▶ _WHAT THE TASK ASKS_
For this exercise, repeat exactly the lines below starting at the line holding "Kitchen - 520" and ending at the line holding "39 Cotswold Street, Westmead NSW 2145", both included, with no extra lines and no pictures.

▶ _DATASET EXTRACT_

- Opening Delimiter -

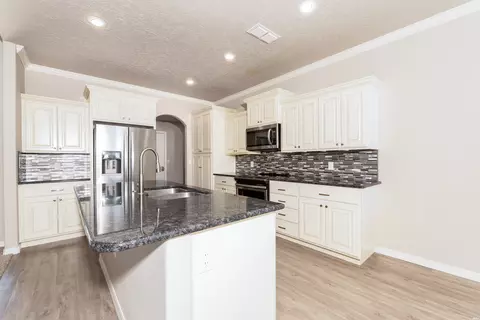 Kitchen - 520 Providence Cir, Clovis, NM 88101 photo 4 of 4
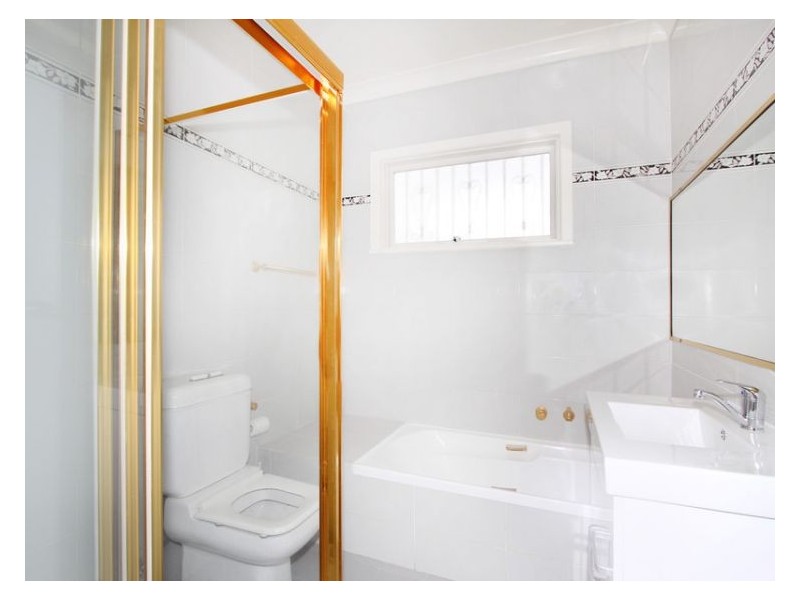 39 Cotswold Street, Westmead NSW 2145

- Closing Delimiter -
- Opening Delimiter -

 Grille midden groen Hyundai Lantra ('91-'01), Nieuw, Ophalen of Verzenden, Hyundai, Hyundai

- Closing Delimiter -

▶ _EXERCISE RESPONSE_
 Kitchen - 520 Providence Cir, Clovis, NM 88101 photo 4 of 4
 39 Cotswold Street, Westmead NSW 2145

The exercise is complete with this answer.